The Group Managing Director of the Nigerian National Petroleum Corporation (NNPC), Dr. Maikanti Baru, has stated that following the acquisition and processing of over 1,900 square kilometres of new three-dimensional seismic in the Chad Basin, the corporation will commence drilling in early 2017 after evaluating the results collated from the interpretation of the data.
In his keynote address delivered yesterday in Lagos at the 2016 conference of the Nigerian Association of Petroleum Explorationists (NAPE), Baru also stated that the corporation would begin the implementation of the Joint Venture (JV) cash call exit model by January 1, 2017.
The NNPC boss further added that in 2016 alone, the corporation has already recorded over 1,500 cases of vandalism of its pipelines, adding that the cost of repairs was quite mind-boggling.
Baru said the corporation would resume oil exploration activities in some of the inland basins, which include the Chad Basin and the Benue Trough because Nigeria’s neighbours in Niger and Chad had successful commercial discoveries of oil and gas within their portions of the Chad Basin and have since been producing from these fields.
“There is no need re-inventing the wheel. We are now progressing with the use of exploratory techniques that have worked on their own side of the Basin to prove up our side. This will also provide a vista for NAPE and its professionals to further analyse the concept of oil generation, expulsion and entrapment in rift basins which we now know is different from the Niger Delta Basin that we are used to,” he explained.
Baru said by commencing drilling in the Chad Basin, the NNPC would have diversified the country’s production mix and terrain of operation.
He lauded Yinka Folawiyo Petroleum for its successful pioneering efforts in the exploration and development in the Dahomey Basin, adding that the feat has opened up the basin for further exploration and development.
Baru also stated that the chronic JV funding shortfalls being experienced in the industry have resulted in declining JV oil production from about 1 million barrels of oil per day three – five years ago to about 800,000 barrels of oil per day.

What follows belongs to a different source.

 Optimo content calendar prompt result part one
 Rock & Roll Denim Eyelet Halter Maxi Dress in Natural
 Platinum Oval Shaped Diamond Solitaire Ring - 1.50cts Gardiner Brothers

“In contrast, production from the Production Sharing Contracts (PSCs) arrangements where NNPC does not provide the funding for the production has increased almost proportionately to the JV production decline over the same period thereby making the national oil production relatively flat,” he added.
Baru said he was working assiduously with the Minister of State for Petroleum Resources, Dr. Ibe Kachikwu and the Joint Venture partners to see that Nigeria exits the JV cash call system and also clear the funding arrears.

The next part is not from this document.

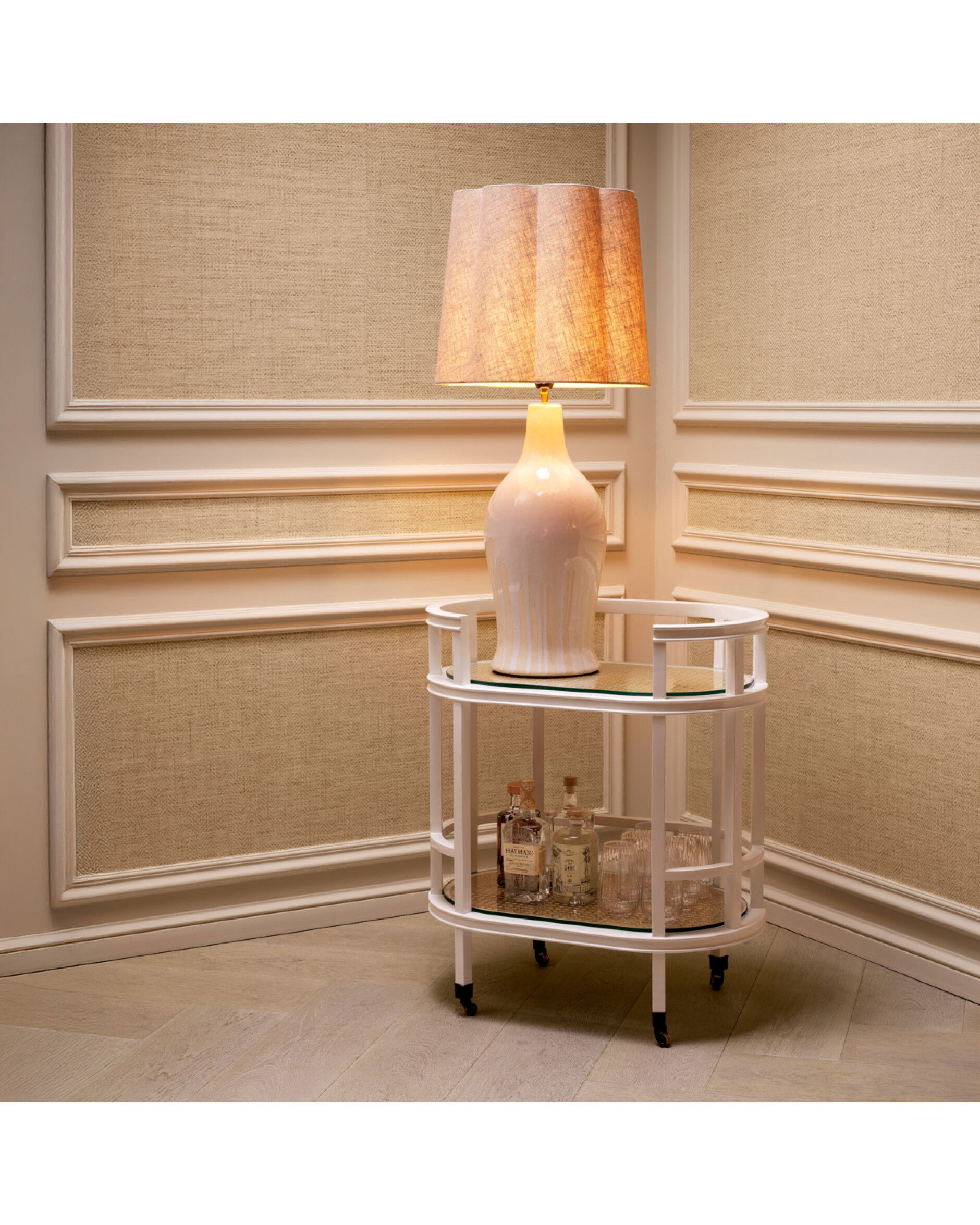 Bahamas drinkvagn piano white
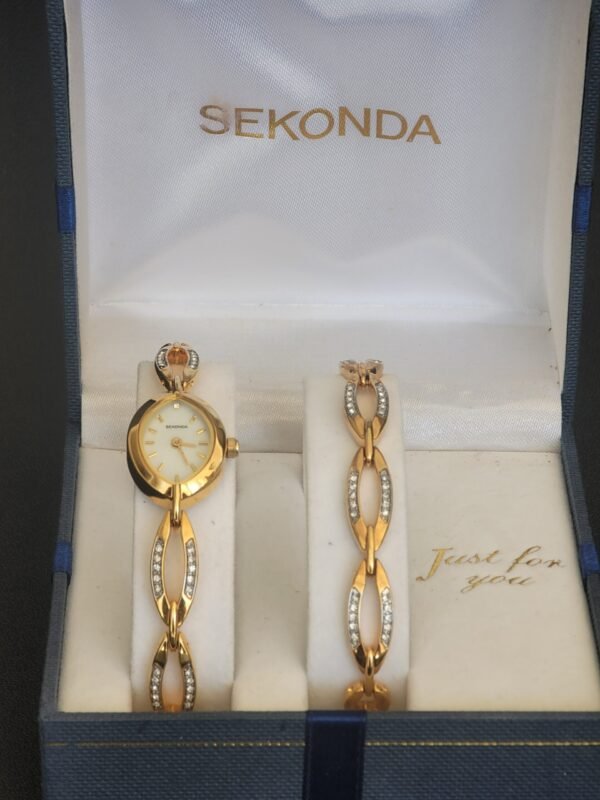 20260316_120624 Sekonda 40026 Japanese Quartz Ladies Watch & Bracelet Set Gold Tone with Box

To address the JV funding problem, Baru said the corporation was exploring alternative funding mechanism that allows the Joint Venture Business finance itself by retaining its operating costs and Capital Allowances (Fiscal Costs) in order to sustain and grow the business.

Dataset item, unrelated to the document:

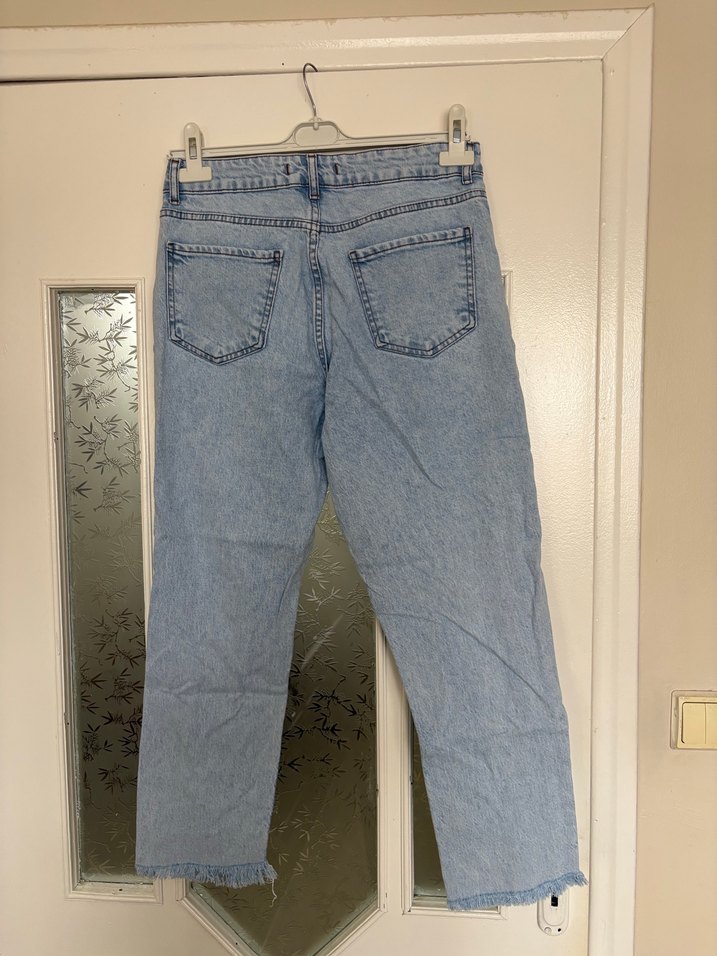 Kadın Mavi Bol Kesim Midi Denim Jean - Görsel 2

According to him, “where the fiscal costs for any year are not sufficient to fund the budgetary requirements of the JV, part of the profit margin could be retained to fund the budget and where necessary, external financing could also be sought to finance commercially viable and bankable Capital projects without recourse to government treasury”.
“The import of the above is that the Joint Ventures will relieve government of the cash call burden by sourcing for its funds for its operations (estimated at $7billion-$9billion annually). In 2016 alone, underfunding of NNPC Cash Calls is estimated to be about $2.5 Billion. This is aside the inherited arrears estimated at over $6 Billion,” he added.